**DATA IN THIS EXERCISE:**
____________________
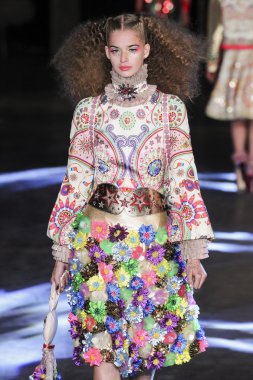 Manish Arora gösterisi 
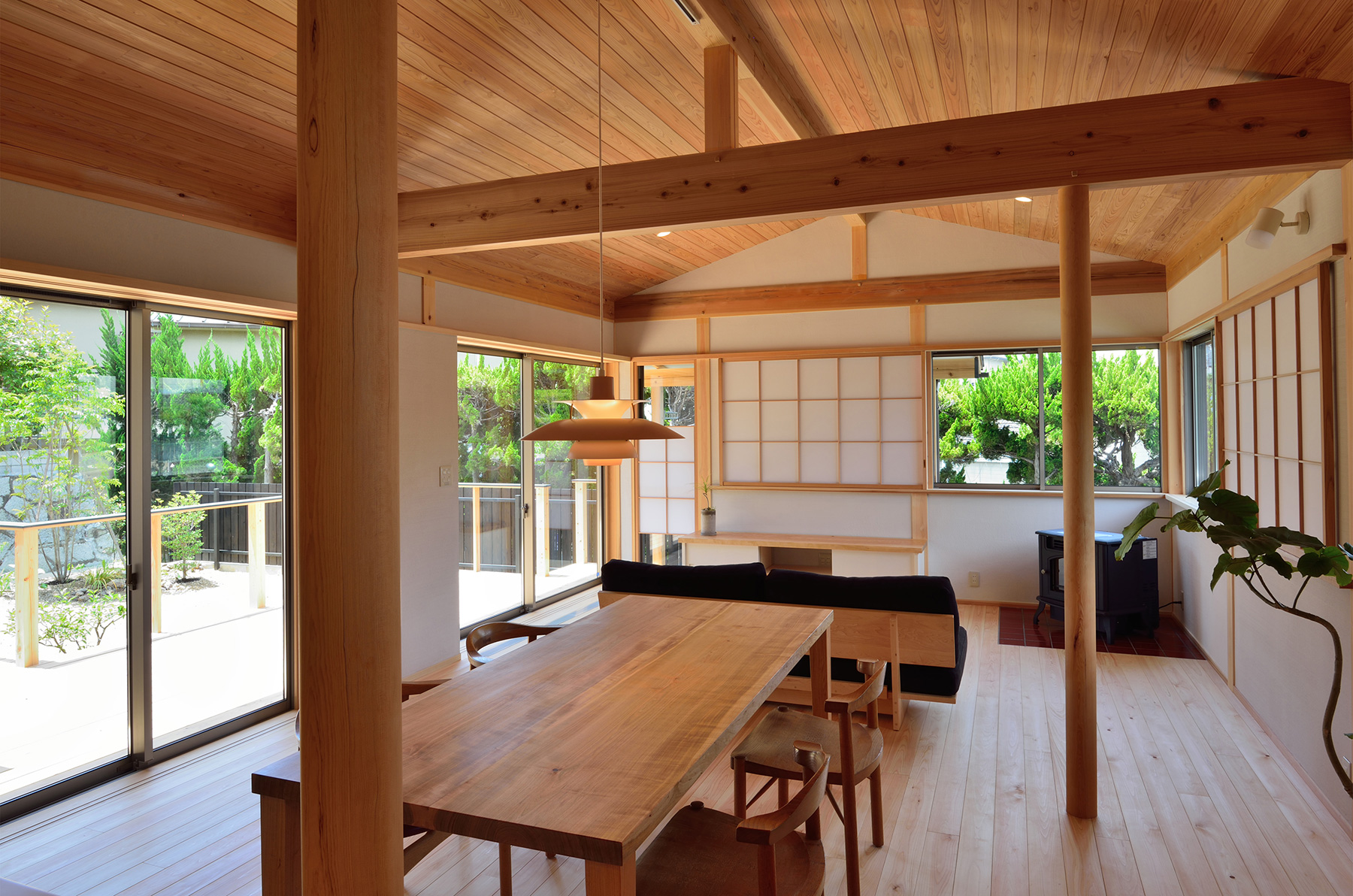 奈良市「友人たちと集う木の家」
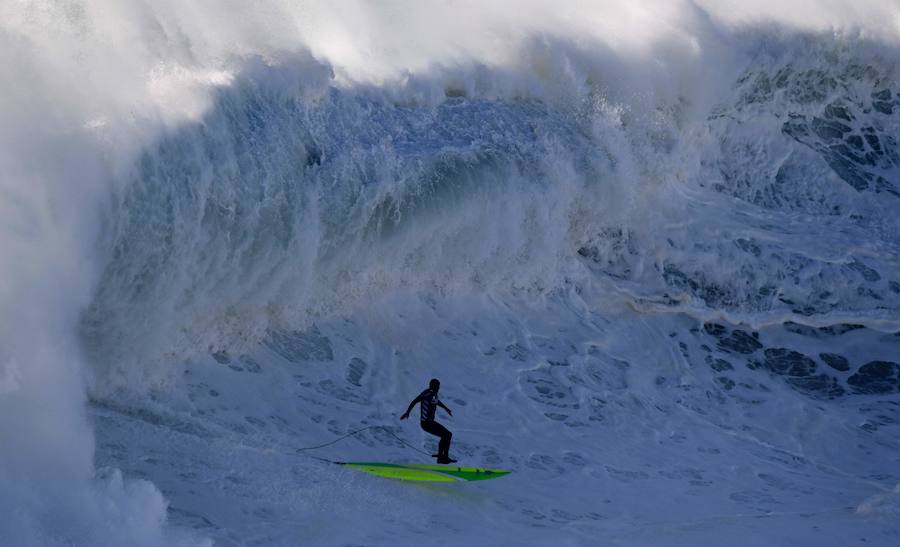Fotos de Nazare, el mejor lugar del mundo para surfear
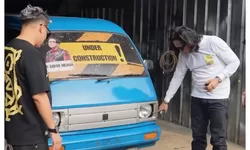 Kolaborasi Modifikasi Angkot Ala Minang-Jepang Bersama Gofar Hilman dan Tim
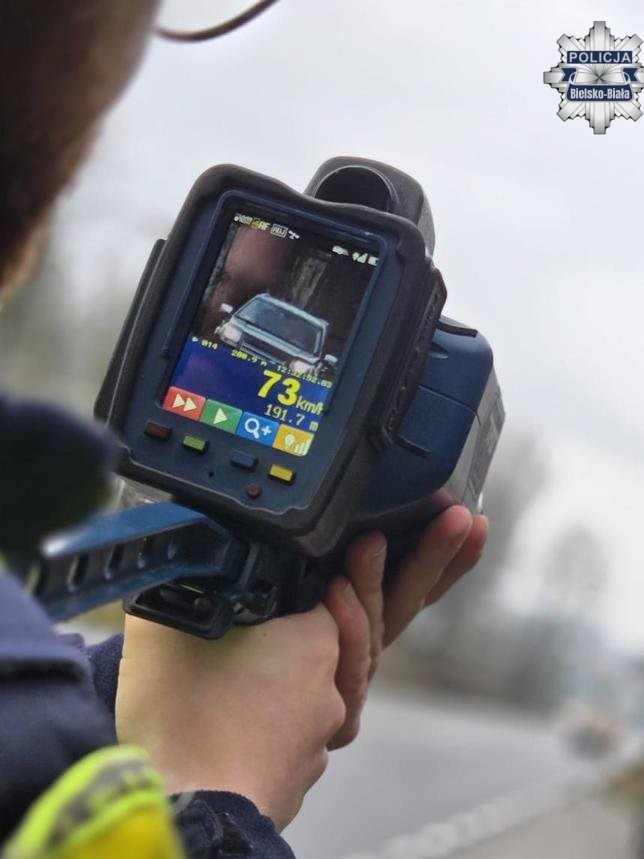 Policja w Bielsku-Białej: Wzmocnione kontrole prędkości na drogach powiatu - Paragraf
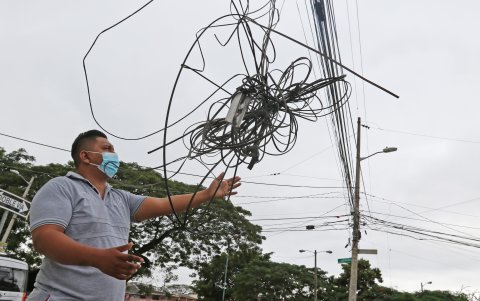 El desorden y acumulación de cables causan molestias al caminar por varios sectores del sur de la ciudad.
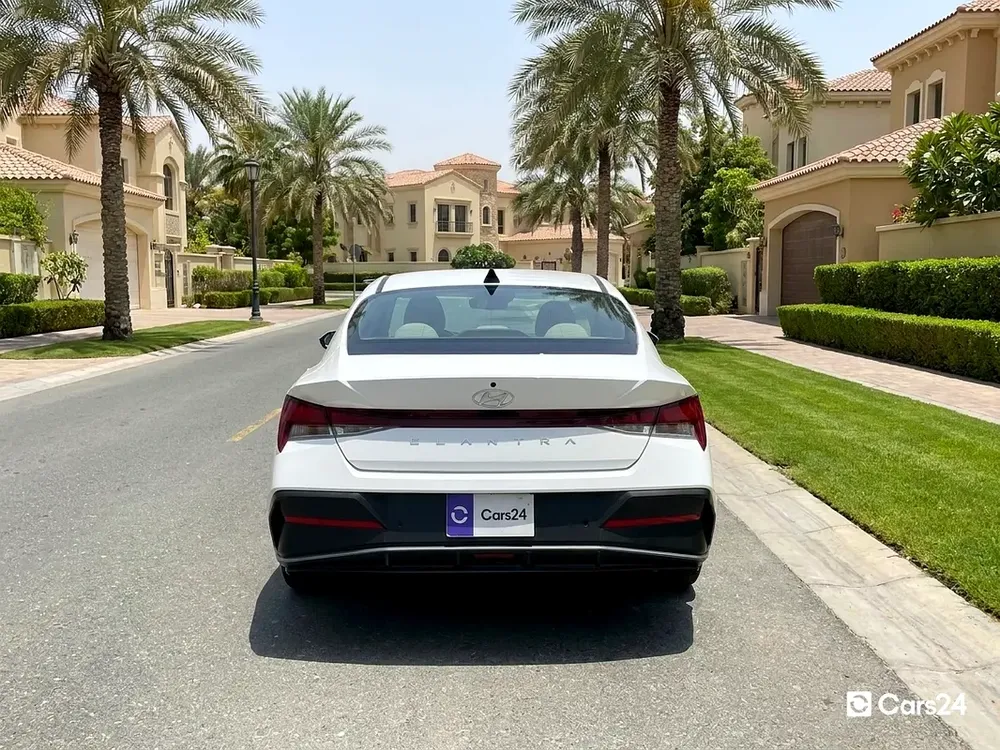 AED 784/m | 0 DP | Free 3 Months Warranty | Service History | 30 Day Return | HYUNDAI ELANTRA 2024 - Image 4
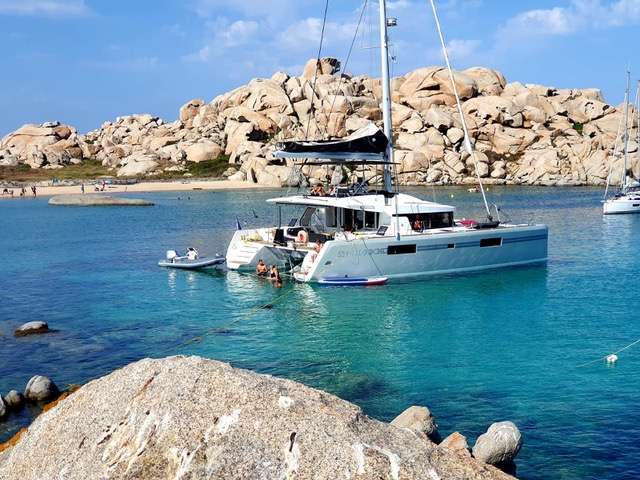Catamaran Lagoon 52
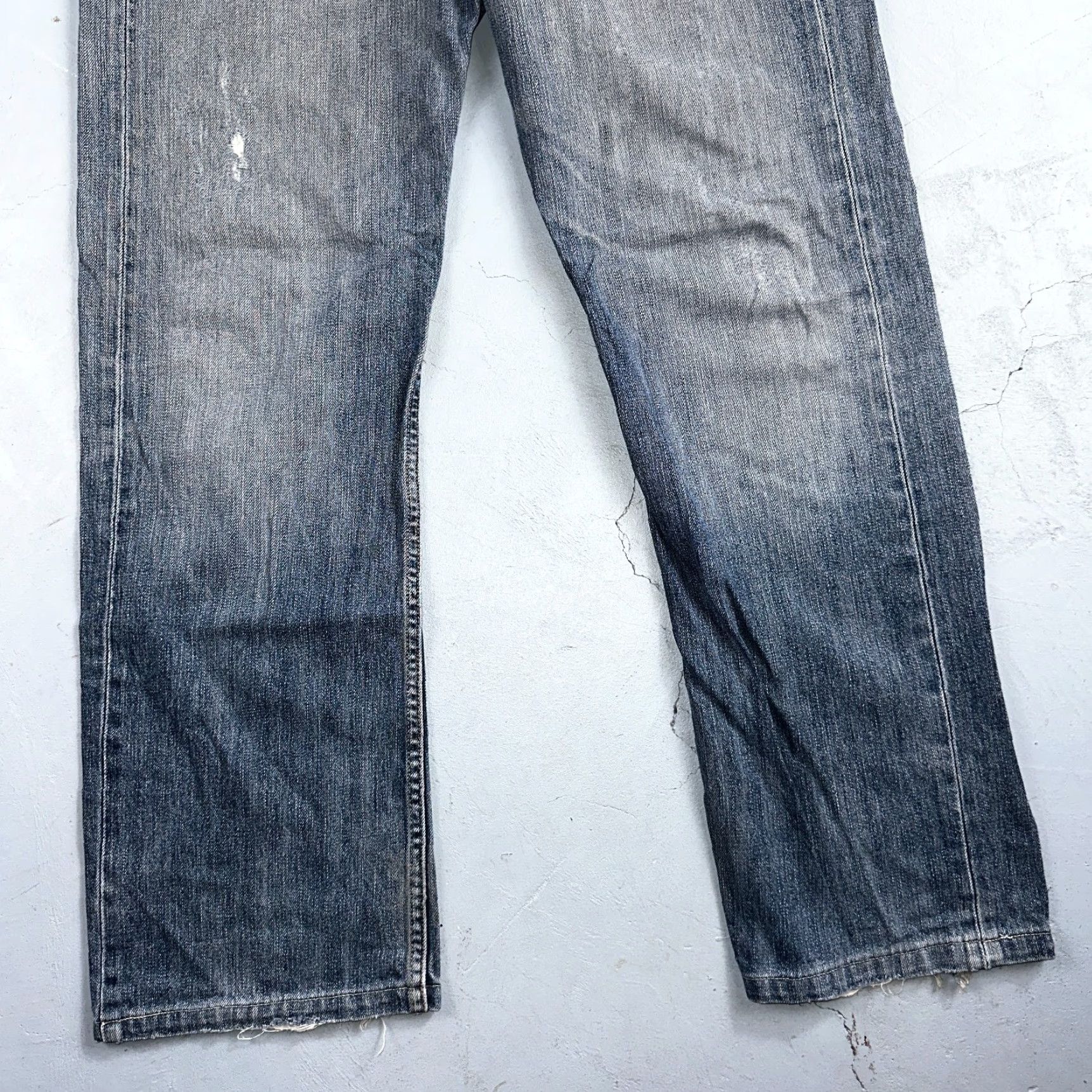 Levi's Levis 501 Vintage Y2K Straight Jeans Blue Med Wash 34x36 90s Men Regular Denim Classic Rise 30 Inseam 34 Blue Size US 34 / EU 50 - 3 Thumbnail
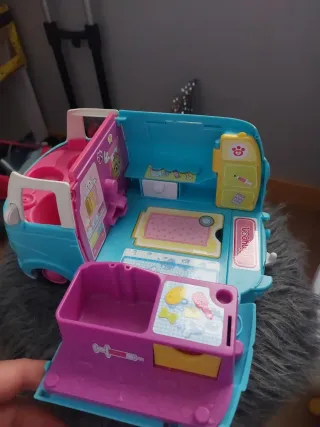 Pin y Pon  furgoneta veterinaria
____________________
**ACTIVITY:** Starting at the line that contains "Catamaran Lagoon 52", retype each line through the final one in the listing, with both ends kept and the pictures omitted.

**ANSWER AREA:**
Catamaran Lagoon 52
 Levi's Levis 501 Vintage Y2K Straight Jeans Blue Med Wash 34x36 90s Men Regular Denim Classic Rise 30 Inseam 34 Blue Size US 34 / EU 50 - 3 Thumbnail
 Pin y Pon  furgoneta veterinaria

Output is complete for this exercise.